Mit der Deportation von älteren Jüdinnen und Juden nach Theresienstadt war ein besonders perfider Betrug der Nationalsozialisten verbunden. Den Deportierten wurde suggeriert, sie könnten sich mit einem „Heimeinkaufsvertrag“ einen Platz in einem dortigen Altenheim sichern – für den sie vorab mehr oder weniger große Teile ihres Vermögens per Unterschrift freigeben mussten. Im „Heimeinkaufsvertrag“ von Clara Thalberg, der auf den 28. Juli 1942, drei Tage vor ihrer Deportation, ausgestellt wurde, sticht ein zusätzlicher Hinweis hervor: „für ein Jahr“. Was steckt hinter dieser im Vergleich ungewöhnlichen Anmerkung? Die Suche nach biographischen Spuren hat erwiesen, dass Clara Thalberg eine bereits schwer kranke, hilfebedürftige Frau war. Selbst wenn sie wohl nicht wusste, wie verheerend die Lebensbedingungen in Theresienstadt tatsächlich sein würden, erwartete sie vermutlich nicht, dass sie auch noch diesen – weiteren – Zwangsumzug lange überleben würde. Sie starb dort nach einem halben Jahr.

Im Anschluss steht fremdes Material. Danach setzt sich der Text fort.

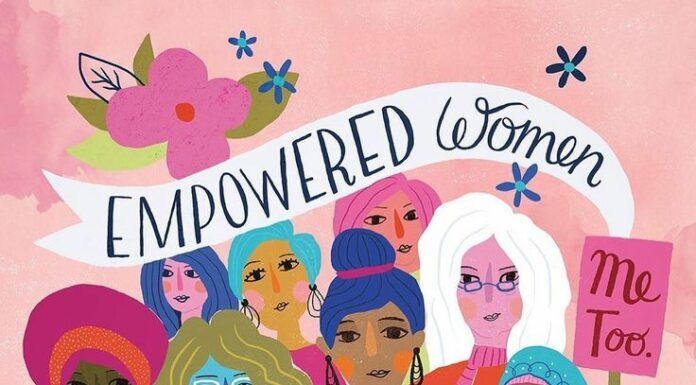 Feminist Approaches to Development: Empowering Women Across the Globe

Clara Thalberg wurde am 6. August 1873 in die Bielefelder Textilunternehmerfamilie Speyer hineingeboren und wuchs in einer bürgerlichen Familie auf, standesgemäß mit Hauspersonal. Bis zur Abschlussklasse besuchte sie die Höhere Töchterschule. Mit 34 Jahren heiratete sie den deutlich älteren Spediteur Moses Thalberg aus Wetzlar. Nach dessen Tod kehrte sie nach zehn Jahren von dort nach Bielefeld zurück und wohnte ab 1917 als kinderlose Witwe wieder in der Viktoriastraße 29.
Als Clara Thalberg 1938, veranlasst durch den Verkauf des Elternhauses und damit verbundene Erbstreitigkeiten, in eine kleine Mietwohnung in der Bahnhofstraße 42 umzog, war sie möglicherweise bereits krank. Dies geht aus einem Schreiben hervor, mit dem sie wenig später beim Wohnungsamt den Zuzug einer Haushaltshilfe beantragte. Sie sei schwer herzleidend und umfänglich hilfebedürftig. Eine ihrer Hausangestellten aus dieser Zeit erwähnte, dass Clara Thalberg „drei Rippen weggenommen“ wurden, „sodaß sie ihren Haushalt nicht selbst versehen kann.“ Dessen ungeachtet wurde Clara Thalberg 1941 und 1942 zu Umzügen in „Judenhäuser“ gezwungen, erst in den Obertorwall 2 und dann in die Detmolderstraße 4.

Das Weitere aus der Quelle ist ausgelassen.